#### [YOUR OBJECTIVE]
Report all lines in the records that hold the string "Shoulder".
----
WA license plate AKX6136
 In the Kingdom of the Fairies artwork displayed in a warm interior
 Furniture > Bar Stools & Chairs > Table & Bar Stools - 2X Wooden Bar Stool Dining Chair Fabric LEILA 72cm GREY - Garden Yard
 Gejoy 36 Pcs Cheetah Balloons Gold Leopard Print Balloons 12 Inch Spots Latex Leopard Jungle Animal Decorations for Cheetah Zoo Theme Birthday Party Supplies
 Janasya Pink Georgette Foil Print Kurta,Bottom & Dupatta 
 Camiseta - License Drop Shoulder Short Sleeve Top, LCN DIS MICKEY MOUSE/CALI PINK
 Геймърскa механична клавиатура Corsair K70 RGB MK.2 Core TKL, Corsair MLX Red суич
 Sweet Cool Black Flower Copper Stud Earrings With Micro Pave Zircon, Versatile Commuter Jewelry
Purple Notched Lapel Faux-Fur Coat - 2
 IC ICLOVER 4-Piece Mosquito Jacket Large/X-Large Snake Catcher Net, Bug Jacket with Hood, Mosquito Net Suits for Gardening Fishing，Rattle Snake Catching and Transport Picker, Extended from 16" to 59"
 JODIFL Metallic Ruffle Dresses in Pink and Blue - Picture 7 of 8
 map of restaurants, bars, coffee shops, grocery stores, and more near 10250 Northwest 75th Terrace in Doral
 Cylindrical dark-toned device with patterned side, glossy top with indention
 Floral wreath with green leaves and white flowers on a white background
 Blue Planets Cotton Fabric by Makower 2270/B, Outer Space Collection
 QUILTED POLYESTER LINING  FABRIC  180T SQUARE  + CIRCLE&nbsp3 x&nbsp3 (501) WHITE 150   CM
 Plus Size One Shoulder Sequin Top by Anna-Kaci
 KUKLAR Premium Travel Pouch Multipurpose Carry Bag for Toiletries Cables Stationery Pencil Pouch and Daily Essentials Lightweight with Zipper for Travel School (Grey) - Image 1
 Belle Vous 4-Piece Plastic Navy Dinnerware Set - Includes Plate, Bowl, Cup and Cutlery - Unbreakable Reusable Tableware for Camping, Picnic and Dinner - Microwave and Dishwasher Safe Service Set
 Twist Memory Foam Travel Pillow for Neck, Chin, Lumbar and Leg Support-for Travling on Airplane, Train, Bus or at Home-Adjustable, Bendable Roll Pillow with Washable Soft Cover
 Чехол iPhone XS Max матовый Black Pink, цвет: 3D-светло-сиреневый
----
#### [TASK ANSWER]
 Camiseta - License Drop Shoulder Short Sleeve Top, LCN DIS MICKEY MOUSE/CALI PINK
 Plus Size One Shoulder Sequin Top by Anna-Kaci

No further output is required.